During his lifetime, Pacini wrote some 74 operas. This is less than earlier estimates, which ranged from 80 to 90, since it has now been ascertained that many were just alternate titles for other works. His first 25 or so operas were written when Gioacchino Rossini dominated the Italian operatic stage, and took after Rossini's style, a characteristic which he "candidly admits in his Memoirs ".[1] This author states that he "bothered little about harmony and instrumentation", and quotes a statement by Rossini: "God help us if he knew music. No one could resist him".[1] Certainly, Pacini recognized Rossini's strengths and his dominance during this period: "Everyone followed the same school, the same fashions, and as a result they were all imitators of the great luminary .... If I was a follower of the great man from Pesaro, so was everyone else"[2]

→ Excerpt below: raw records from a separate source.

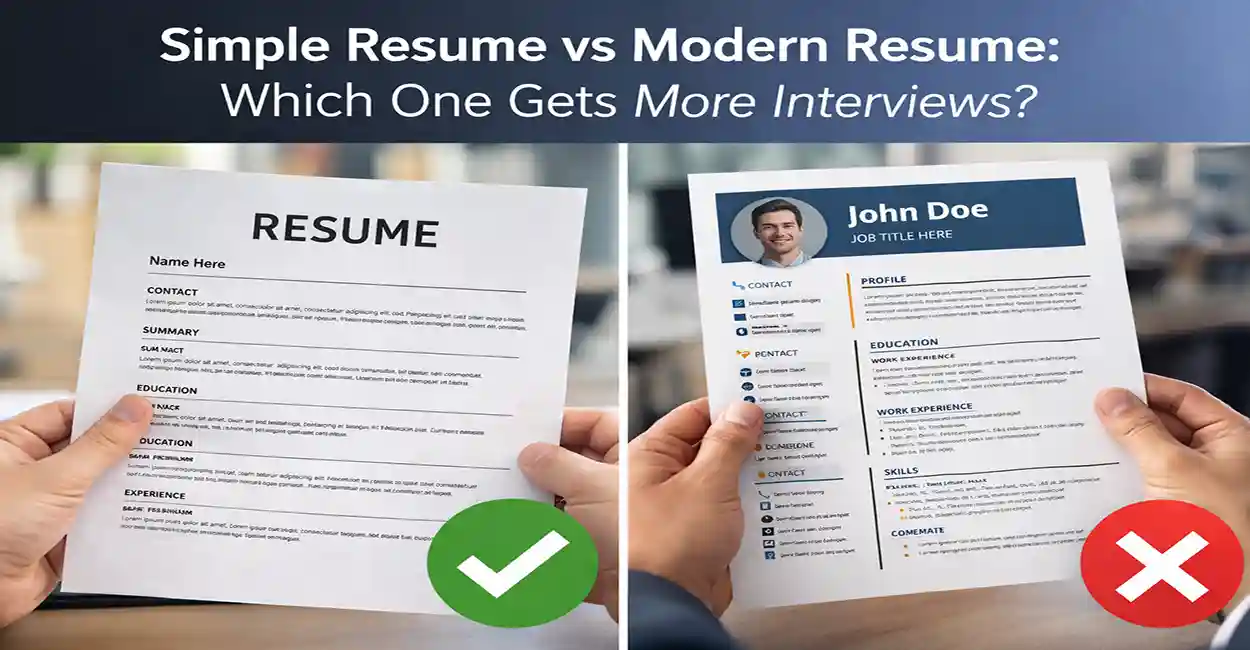 Side by side comparison of two resume styles - simple and modern on desk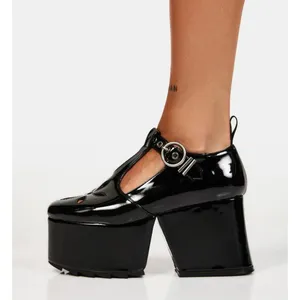 Lamoda Mary Jane Shoes Women 7 Black Patent Overthinking It Platform Cutout Goth thumbnail 15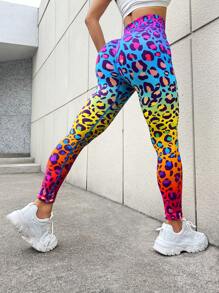 Easithlete 豹纹宽腰运动紧身裤健身紧身裤瑜伽女裤 - 彩色 - 查看 1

After Rossini moved to Paris in 1824, Pacini and his contemporaries (Giacomo Meyerbeer, Nicola Vaccai, Michele Carafa, Carlo Coccia, Vincenzo Bellini, Gaetano Donizetti, the brothers Federico and Luigi Ricci, and Saverio Mercadante) collectively began to change the nature of Italian opera and took bel canto singing in a new direction. Orchestration became heavier, coloratura was reduced, especially for men's voices, and more importance was placed on lyrical pathos. While there were exceptions, romantic leads were assigned to tenors (in Rossini's time, they were frequently sung by alto or mezzo-soprano women). Villains became basses or later baritones (while they often were tenors for Rossini). Over time, far more emphasis was placed on the drama.

The role that Pacini played in instituting these changes is only now beginning to be recognized. There is little doubt that Pacini and his contemporary Nicola Vaccai exerted a stronger influence on Bellini than has been credited before. This change in attitude can be credited to the revival of two key works: Vaccai's Giulietta e Romeo and Pacini's L'ultimo giorno di Pompei, both composed in 1825 within a few weeks of each other.